» Assignment: Go through the listing and copy every line word for word.

» Data for processing:
══════
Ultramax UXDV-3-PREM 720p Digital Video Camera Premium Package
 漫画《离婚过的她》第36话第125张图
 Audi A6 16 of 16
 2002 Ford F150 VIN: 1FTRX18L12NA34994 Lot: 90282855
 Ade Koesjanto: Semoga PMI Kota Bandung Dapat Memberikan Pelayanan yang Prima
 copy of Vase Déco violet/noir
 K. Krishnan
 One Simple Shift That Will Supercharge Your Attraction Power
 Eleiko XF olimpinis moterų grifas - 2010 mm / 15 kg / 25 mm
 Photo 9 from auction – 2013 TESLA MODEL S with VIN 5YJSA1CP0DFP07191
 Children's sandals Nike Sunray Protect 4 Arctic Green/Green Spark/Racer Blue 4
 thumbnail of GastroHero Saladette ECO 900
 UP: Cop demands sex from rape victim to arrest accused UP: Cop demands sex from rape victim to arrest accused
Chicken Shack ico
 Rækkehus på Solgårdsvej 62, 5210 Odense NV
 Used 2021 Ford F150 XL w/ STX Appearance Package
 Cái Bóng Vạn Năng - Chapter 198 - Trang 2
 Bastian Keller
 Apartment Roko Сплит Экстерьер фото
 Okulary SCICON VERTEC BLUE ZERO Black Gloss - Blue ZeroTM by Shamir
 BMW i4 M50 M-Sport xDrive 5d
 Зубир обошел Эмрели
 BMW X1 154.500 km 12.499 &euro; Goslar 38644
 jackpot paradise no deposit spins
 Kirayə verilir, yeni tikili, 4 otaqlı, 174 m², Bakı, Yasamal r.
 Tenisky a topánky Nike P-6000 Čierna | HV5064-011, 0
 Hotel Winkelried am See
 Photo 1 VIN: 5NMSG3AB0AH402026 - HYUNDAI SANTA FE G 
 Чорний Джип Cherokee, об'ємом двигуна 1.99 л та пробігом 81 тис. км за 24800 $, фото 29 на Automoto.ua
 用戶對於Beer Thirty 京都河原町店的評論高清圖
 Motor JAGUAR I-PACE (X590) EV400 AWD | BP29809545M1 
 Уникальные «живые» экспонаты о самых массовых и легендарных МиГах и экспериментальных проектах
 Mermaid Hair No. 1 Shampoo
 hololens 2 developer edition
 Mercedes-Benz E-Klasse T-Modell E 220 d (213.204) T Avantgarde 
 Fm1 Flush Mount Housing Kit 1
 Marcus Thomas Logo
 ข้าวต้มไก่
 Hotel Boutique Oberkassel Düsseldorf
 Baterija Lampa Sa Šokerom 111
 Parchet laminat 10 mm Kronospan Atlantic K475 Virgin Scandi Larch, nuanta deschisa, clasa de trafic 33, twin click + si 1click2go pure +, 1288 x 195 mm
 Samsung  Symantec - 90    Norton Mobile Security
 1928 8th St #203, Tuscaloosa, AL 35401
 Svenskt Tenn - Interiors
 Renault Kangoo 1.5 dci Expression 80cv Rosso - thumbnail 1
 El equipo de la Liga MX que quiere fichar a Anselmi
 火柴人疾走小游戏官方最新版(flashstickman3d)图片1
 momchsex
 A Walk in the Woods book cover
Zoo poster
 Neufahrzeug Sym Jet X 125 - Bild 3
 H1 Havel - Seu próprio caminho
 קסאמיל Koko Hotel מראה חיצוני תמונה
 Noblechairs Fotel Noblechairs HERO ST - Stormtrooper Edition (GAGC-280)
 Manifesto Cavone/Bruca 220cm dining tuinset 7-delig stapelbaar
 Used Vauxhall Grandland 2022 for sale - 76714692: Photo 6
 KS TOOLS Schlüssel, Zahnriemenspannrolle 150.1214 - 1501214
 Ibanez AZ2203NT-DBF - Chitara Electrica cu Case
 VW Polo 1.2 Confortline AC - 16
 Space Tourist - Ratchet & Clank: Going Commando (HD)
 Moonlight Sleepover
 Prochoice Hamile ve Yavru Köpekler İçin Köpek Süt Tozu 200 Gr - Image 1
══════
» Your response:
Ultramax UXDV-3-PREM 720p Digital Video Camera Premium Package
 漫画《离婚过的她》第36话第125张图
 Audi A6 16 of 16
 2002 Ford F150 VIN: 1FTRX18L12NA34994 Lot: 90282855
 Ade Koesjanto: Semoga PMI Kota Bandung Dapat Memberikan Pelayanan yang Prima
 copy of Vase Déco violet/noir
 K. Krishnan
 One Simple Shift That Will Supercharge Your Attraction Power
 Eleiko XF olimpinis moterų grifas - 2010 mm / 15 kg / 25 mm
 Photo 9 from auction – 2013 TESLA MODEL S with VIN 5YJSA1CP0DFP07191
 Children's sandals Nike Sunray Protect 4 Arctic Green/Green Spark/Racer Blue 4
 thumbnail of GastroHero Saladette ECO 900
 UP: Cop demands sex from rape victim to arrest accused UP: Cop demands sex from rape victim to arrest accused
Chicken Shack ico
 Rækkehus på Solgårdsvej 62, 5210 Odense NV
 Used 2021 Ford F150 XL w/ STX Appearance Package
 Cái Bóng Vạn Năng - Chapter 198 - Trang 2
 Bastian Keller
 Apartment Roko Сплит Экстерьер фото
 Okulary SCICON VERTEC BLUE ZERO Black Gloss - Blue ZeroTM by Shamir
 BMW i4 M50 M-Sport xDrive 5d
 Зубир обошел Эмрели
 BMW X1 154.500 km 12.499 &euro; Goslar 38644
 jackpot paradise no deposit spins
 Kirayə verilir, yeni tikili, 4 otaqlı, 174 m², Bakı, Yasamal r.
 Tenisky a topánky Nike P-6000 Čierna | HV5064-011, 0
 Hotel Winkelried am See
 Photo 1 VIN: 5NMSG3AB0AH402026 - HYUNDAI SANTA FE G 
 Чорний Джип Cherokee, об'ємом двигуна 1.99 л та пробігом 81 тис. км за 24800 $, фото 29 на Automoto.ua
 用戶對於Beer Thirty 京都河原町店的評論高清圖
 Motor JAGUAR I-PACE (X590) EV400 AWD | BP29809545M1 
 Уникальные «живые» экспонаты о самых массовых и легендарных МиГах и экспериментальных проектах
 Mermaid Hair No. 1 Shampoo
 hololens 2 developer edition
 Mercedes-Benz E-Klasse T-Modell E 220 d (213.204) T Avantgarde 
 Fm1 Flush Mount Housing Kit 1
 Marcus Thomas Logo
 ข้าวต้มไก่
 Hotel Boutique Oberkassel Düsseldorf
 Baterija Lampa Sa Šokerom 111
 Parchet laminat 10 mm Kronospan Atlantic K475 Virgin Scandi Larch, nuanta deschisa, clasa de trafic 33, twin click + si 1click2go pure +, 1288 x 195 mm
 Samsung  Symantec - 90    Norton Mobile Security
 1928 8th St #203, Tuscaloosa, AL 35401
 Svenskt Tenn - Interiors
 Renault Kangoo 1.5 dci Expression 80cv Rosso - thumbnail 1
 El equipo de la Liga MX que quiere fichar a Anselmi
 火柴人疾走小游戏官方最新版(flashstickman3d)图片1
 momchsex
 A Walk in the Woods book cover
Zoo poster
 Neufahrzeug Sym Jet X 125 - Bild 3
 H1 Havel - Seu próprio caminho
 קסאמיל Koko Hotel מראה חיצוני תמונה
 Noblechairs Fotel Noblechairs HERO ST - Stormtrooper Edition (GAGC-280)
 Manifesto Cavone/Bruca 220cm dining tuinset 7-delig stapelbaar
 Used Vauxhall Grandland 2022 for sale - 76714692: Photo 6
 KS TOOLS Schlüssel, Zahnriemenspannrolle 150.1214 - 1501214
 Ibanez AZ2203NT-DBF - Chitara Electrica cu Case
 VW Polo 1.2 Confortline AC - 16
 Space Tourist - Ratchet & Clank: Going Commando (HD)
 Moonlight Sleepover
 Prochoice Hamile ve Yavru Köpekler İçin Köpek Süt Tozu 200 Gr - Image 1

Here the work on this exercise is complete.